Recent Trends in 3D Reconstruction of General Non-Rigid Scenes

Raza Yunus,Jan Eric Lenssen,Michael Niemeyer,Yiyi Liao,Christian Rupprecht,Christian Theobalt,Gerard Pons-Moll,Jia-Bin Huang,Vladislav Golyanik,Eddy Ilg

from arxiv, 42 pages, 18 figures, 5 tables; State-of-the-Art Report at EUROGRAPHICS 2024. Project page: https://razayunus.github.io/non-rigid-star

Reconstructing models of the real world, including 3D geometry, appearance, and motion of real scenes, is essential for computer graphics and computer vision. It enables the synthesizing of photorealistic novel views, useful for the movie industry and AR/VR applications. It also facilitates the content creation necessary in computer games and AR/VR by avoiding laborious manual design processes. Further, such models are fundamental for intelligent computing systems that need to interpret real-world scenes and actions to act and interact safely with the human world. Notably, the world surrounding us is dynamic, and reconstructing models of dynamic, non-rigidly moving scenes is a severely underconstrained and challenging problem. This state-of-the-art report (STAR) offers the reader a comprehensive summary of state-of-the-art techniques with monocular and multi-view inputs such as data from RGB and RGB-D sensors, among others, conveying an understanding of different approaches, their potential applications, and promising further research directions. The report covers 3D reconstruction of general non-rigid scenes and further addresses the techniques for scene decomposition, editing and controlling, and generalizable and generative modeling. More specifically, we first review the common and fundamental concepts necessary to understand and navigate the field and then discuss the state-of-the-art techniques by reviewing recent approaches that use traditional and machine-learning-based neural representations, including a discussion on the newly enabled applications. The STAR is concluded with a discussion of the remaining limitations and open challenges.

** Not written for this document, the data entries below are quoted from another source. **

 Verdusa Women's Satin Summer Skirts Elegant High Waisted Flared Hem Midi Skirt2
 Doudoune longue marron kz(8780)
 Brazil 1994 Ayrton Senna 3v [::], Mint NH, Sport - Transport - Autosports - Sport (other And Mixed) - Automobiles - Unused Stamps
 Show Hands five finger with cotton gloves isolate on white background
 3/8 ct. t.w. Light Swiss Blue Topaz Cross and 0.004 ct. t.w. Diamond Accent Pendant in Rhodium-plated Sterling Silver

翻译：重建真实世界模型（包括真实场景的三维几何、外观及运动）是计算机图形学与计算机视觉的核心任务。该技术可实现电影行业及增强现实/虚拟现实应用所需的光写实级新视角合成，同时通过避免繁琐的人工设计流程，为计算机游戏及增强现实/虚拟现实中的内容创作提供便利。此外，这类模型对需要理解现实场景与动作以安全与人类世界交互的智能计算系统具有基础性意义。值得注意的是，我们周遭的世界是动态的，而重建动态、非刚性运动场景模型是一个高度欠约束的难题。本技术现状报告（STAR）为读者系统梳理了基于单目与多视图输入（如RGB及RGB-D传感器数据）的最新技术，阐释了不同方法、潜在应用及富有前景的未来研究方向。该报告涵盖一般非刚性场景的三维重建，并进一步探讨场景分解、编辑与控制、通用化与生成式建模等技术。具体而言，我们首先回顾理解与探索该领域所需的通用基础概念，随后通过综述传统方法与基于机器学习的神经表示最新方案（包括对新兴应用的讨论）来论述前沿技术。报告最后总结了现有局限性与待解决的开放挑战。